Collection

Virgin and Child, c. 1530– 35

Master from the Atelier de Saint-Léger, French, Troyes


In the aftermath of the Hundred Years’ War, fought between the French and English from 1337 to 1453, the city of Troyes in northeast France arose as a leading center for commerce. The nobles, church officials, and rich tradespeople of the city emerged as patrons of the arts, commissioning works of art—above all, sculpture—to adorn places of worship in Troyes and its environs. In the first decades of the sixteenth century, artists gathered from other locales, including from nearby Flanders, organizing into workshops to produce richly carved altarpieces or individual figure sculptures that reflected the stylistic change from the hierarchical formality of the Middle Ages to the graceful elegance of the Renaissance.

Today the statues made in Troyes in this period of effulgence are recognized as among the most beautiful to come from Renaissance France, yet the names of the artists who carved them are not always known. What we now call the “Atelier of Saint-Léger” was one of the workshops active in the 1520s and 1530s; a statue of the Virgin now in the church of Saint-Léger gives the workshop its name. Correspondences in the design, carving, and finish of the Saint- Léger Virgin and the Kimbell’s Virgin and Child suggest that they were made by the same artist or group of artists.

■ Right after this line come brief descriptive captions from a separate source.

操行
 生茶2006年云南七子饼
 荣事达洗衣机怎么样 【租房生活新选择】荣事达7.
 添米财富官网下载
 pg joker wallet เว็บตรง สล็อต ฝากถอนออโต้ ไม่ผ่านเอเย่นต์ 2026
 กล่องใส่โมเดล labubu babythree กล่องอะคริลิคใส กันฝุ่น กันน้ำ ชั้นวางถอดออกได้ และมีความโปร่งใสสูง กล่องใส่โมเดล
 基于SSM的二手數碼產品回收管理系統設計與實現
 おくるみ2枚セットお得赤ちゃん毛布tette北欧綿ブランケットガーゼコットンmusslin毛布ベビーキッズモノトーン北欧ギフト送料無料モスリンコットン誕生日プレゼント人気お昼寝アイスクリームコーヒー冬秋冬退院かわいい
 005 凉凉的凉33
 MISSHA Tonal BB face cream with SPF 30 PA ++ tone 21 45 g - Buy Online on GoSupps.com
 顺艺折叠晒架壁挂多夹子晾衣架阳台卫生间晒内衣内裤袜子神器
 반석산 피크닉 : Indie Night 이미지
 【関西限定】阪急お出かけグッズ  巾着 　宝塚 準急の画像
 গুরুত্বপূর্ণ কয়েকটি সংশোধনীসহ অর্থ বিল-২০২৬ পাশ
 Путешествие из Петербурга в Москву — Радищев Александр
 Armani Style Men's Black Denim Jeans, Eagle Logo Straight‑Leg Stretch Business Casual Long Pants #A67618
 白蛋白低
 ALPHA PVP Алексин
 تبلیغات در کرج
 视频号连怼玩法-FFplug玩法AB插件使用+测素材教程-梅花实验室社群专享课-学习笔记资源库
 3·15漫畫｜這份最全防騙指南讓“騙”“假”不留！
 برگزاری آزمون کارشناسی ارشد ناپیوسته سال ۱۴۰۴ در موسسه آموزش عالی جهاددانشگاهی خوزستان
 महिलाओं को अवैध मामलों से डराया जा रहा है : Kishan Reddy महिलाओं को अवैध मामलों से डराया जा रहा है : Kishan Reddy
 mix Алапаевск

The Kimbell Virgin and Child is carved from alabaster, rather than from the local limestone of the Champagne region, allowing for the inclusion of unusually subtle details in the yard-high composition. The Virgin’s dress, for instance, is belted with a wide ribbon that falls in ripples over the folds of her mantle, beneath the precisely carved beads of a Rosary. The edges of the mantle, draped in heavy folds around the body, are adorned with rich embroideries described in shallow but clear-cut relief. In places, the master carver was able to thin the alabaster so that the folds of cloth are virtually transparent. This delicacy, enhanced by the traces of gold applied to the border of the mantle and to the curls of the Virgin’s hair, gives to the stone something of the precious luminosity of ivory. Together, these effects convey the vivid grace of the mother and her beloved child, who reaches out to touch the pomegranate she holds up—a symbol of his resurrection and everlasting life.

(Possibly with Levaillant, Paris, by 1900).

(Possibly with Fernand Robert through Friedrich Lippmann, Paris, by 1906).

Purchased by William Waldorf Astor, 1st Vicount Astor of Hever (1848–1919), Hever Castle, near Edenbridge, Kent, possibly from the above, by 1907;

his son Lieutenant-Colonel John Jacob Astor V, 1st Baron Astor of Hever (1886–1971), Hever Castle, near Edenbridge, Kent;

his son Gavin Astor, 2nd Baron Astor of Hever (1918–1984), Hever Castle, near Edenbridge, Kent;

(his sale Christie’s, London, 21 April 1982, lot 149);

private collection, United Kingdom;

(sale, Christie’s, London, 8 December 1987, lot 104);

private collection, United States;

(Stuart Lochhead Sculpture, London);

purchased by Kimbell Art Foundation, Fort Worth, 2022.